After months of legal sparring over a controversial “gag” rule, Key Biscayne’s Village Council has voted to settle a First Amendment lawsuit brought by the Key Biscayne Independent, agreeing to cover the nonprofit outlet’s legal costs and scale back the village’s tight lid on staff communications with the press. The deal includes a $25,000 payment for attorneys’ fees and a promise to publicly roll out and take comment on any future media policy proposals. The vote ends a months long fight that started when the village adopted a policy restricting how employees could talk to reporters.
Village councilmembers approved the settlement Tuesday night, agreeing to pay $25,000 in attorneys’ fees and costs to the Independent. The nonprofit had filed a federal lawsuit in June 2025, arguing that the village manager’s policy barred staff from talking with reporters unless they were cleared by either the manager or the communications director. The settlement still has to be filed with the court before it is considered final.
How the Village’s ‘Gag’ Policy Worked
In its complaint, the Independent, represented by attorneys from the Reporters Committee for Freedom of the Press, said the policy adopted in late 2024 prohibited staff from “communicat[ing] in any manner with any media entity” without prior approval, according to the Reporters Committee for Freedom of the Press. The lawsuit argued that the blanket rule chilled basic newsgathering, since there were no standards or timelines for when requests would be approved. The complaint walks through specific examples of past reporting that had depended on village employees and claims the new policy abruptly cut off those long-standing reporter–source relationships.
How Both Sides Are Spinning the Deal
Independent editor Tony Winton said the policy made watchdog reporting a lot harder and “impaired the ability of our reporters to get information to serve the public,” according to WLRN. Village Manager Steve Williamson told the station the intent was not secrecy but a clearer, more coordinated approach to dealing with the media, and said the village is glad the lawsuit is wrapping up. Winton also publicly thanked readers and supporters who backed the outlet throughout the fight.
What the Settlement Actually Does
Under the agreement, the village must publicly announce any future plan to create a policy governing communications with the media and give residents a chance to comment before adopting such a rule, according to reporting by The Miami Herald. The $25,000 payment covers the Independent’s attorneys’ fees and costs, and the settlement will be finalized once it is filed in federal court. The council signed off on the deal at its meeting this week.

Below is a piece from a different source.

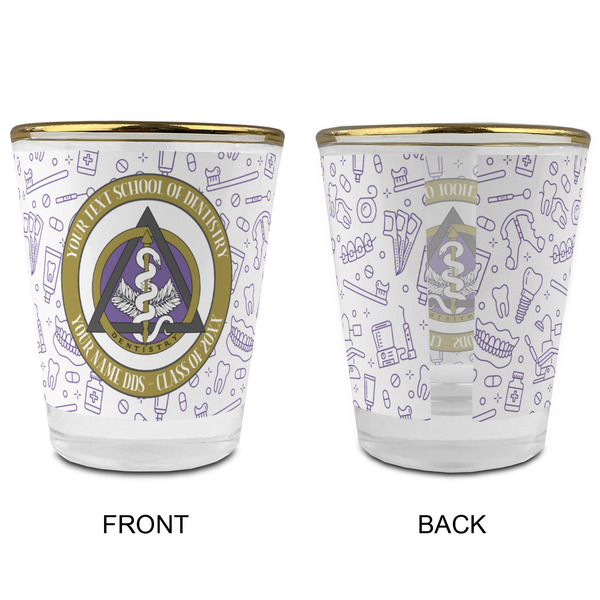 Dental Insignia / Emblem Glass Shot Glass - Gold Rim - Front & Back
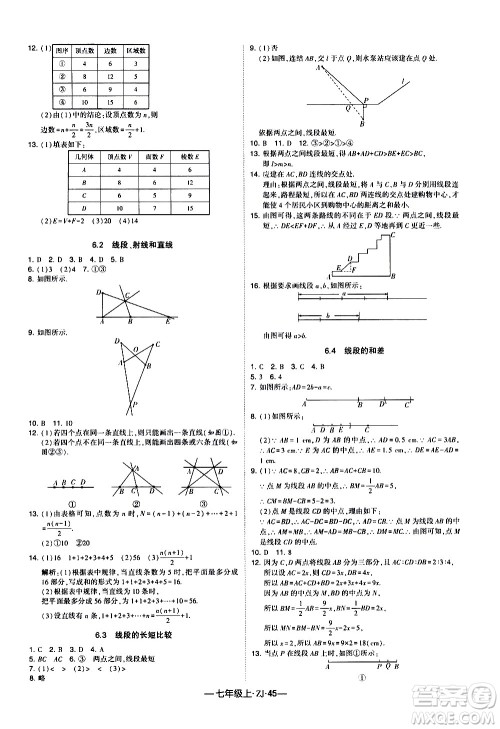 宁夏人民教育出版社2020秋经纶学典学霸题中题数学七年级上册ZJ浙教版参考答案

Why the Legal Exit Ramp Matters
The original complaint sought injunctive relief under 42 U.S.C. § 1983, arguing the gag policy violated the public’s right to receive information and clashed with existing federal precedent, according to the CourtListener copy of the filing. By settling before a judge could rule, the village sidesteps a formal decision that might have created binding precedent for other local governments, even as the notice and public-comment requirements put some guardrails around any future attempt to roll out a similar policy.
The agreement closes this particular case but leaves a bigger question hanging over small-town halls everywhere: how far local governments can go in regulating what their employees say to the press, and how transparent they are willing to be about it. Reporters and open-government advocates are expected to keep a close eye on any future draft policies Key Biscayne posts for public comment to see whether they follow the spirit, not just the letter, of the settlement.